This post has a simple purpose: to remind people of the historical realities of tax rates in the United States. It’s mainly setup for the chart you’ll see a few paragraphs below.
At the World Economic Forum in Davos this week, Michael Dell, founder of Dell Computers, was asked about the idea of raising the top marginal tax rate to 70 percent. (It’s now 37 percent.)
He said—to laughs—that from his personal perspective it would be a bad idea. But he also thought it would be bad for the country’s growth. When the moderator, Heather Long of the Washington Post, asked him to explain why, Dell said, “Name a country where that’s worked. Ever.”
You can see the exchange in a CNN video here.
Sitting on the same panel was the economist Erik Brynjolfsson, of MIT, who spoke up immediately to say: actually there is such a country. It is the United States, through most of its post-World War II expansion.

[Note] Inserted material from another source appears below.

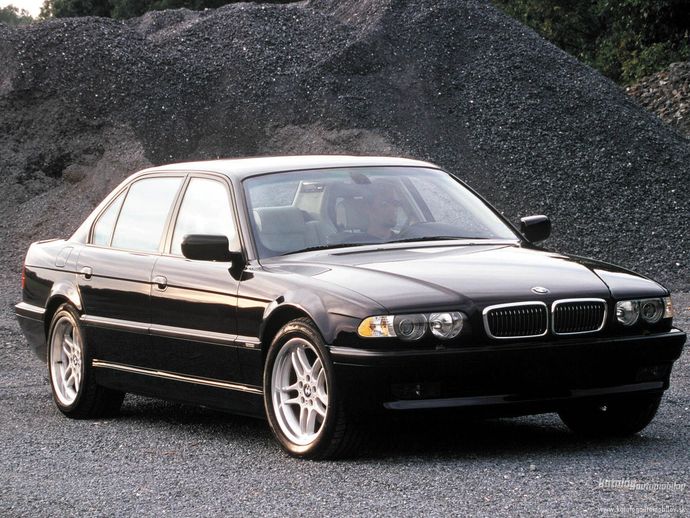 BMW E38 nasıl sizce?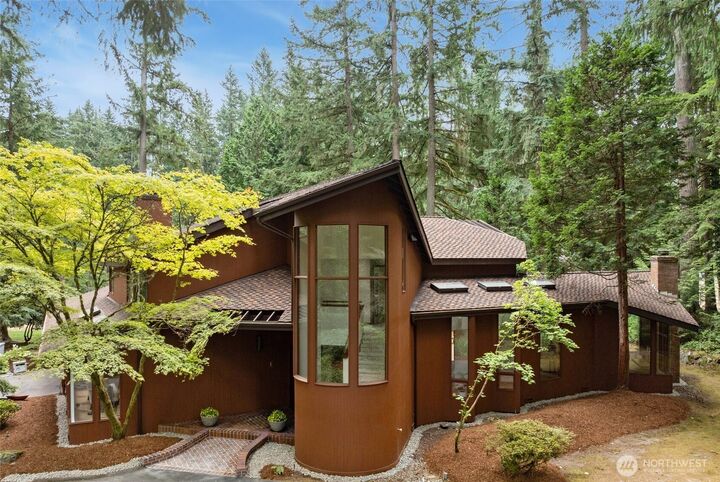 Property Photo:  5004  134th Place NE  WA 98005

As you’ll see in the chart below, through the entire administrations of presidents Roosevelt, Truman, Eisenhower, Kennedy, Johnson, Nixon, Ford, and Carter, the top-tax-bracket rate was at least 70 percent, and for long periods was much more. (John Kennedy’s tax-cut plan of the early 1960s took the top rate from 90 percent down to 70 percent.)
Via the Tax Policy Center, here is the list of top-bracket marginal tax rates from the introduction of the income tax, in 1913, to a few years ago.

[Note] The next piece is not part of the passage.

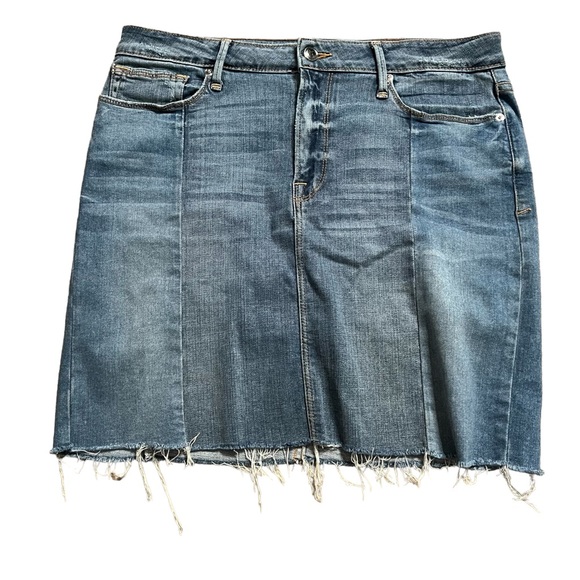 Good American Patchwork Denim Mini Skirt 14/32 Women’s Blue GASKX103 - Picture 2 of 5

That top-tier marginal rates were so high, for so many decades, which included such notable periods of America growth, obviously doesn’t prove that the tax rate should be 70 percent again. As, as Erik Brynjolfsson indicated in shorthand, the tax-rates themselves leave out a lot of details: about what income levels the tax brackets applied to, what loopholes and exemptions prevailed in each period, etc.
But as a matter of history, it’s worth knowing. So if you wanted to “name one” country where top-bracket marginal rates above 70 percent had been in effect and the economy still grew, that would be the United States.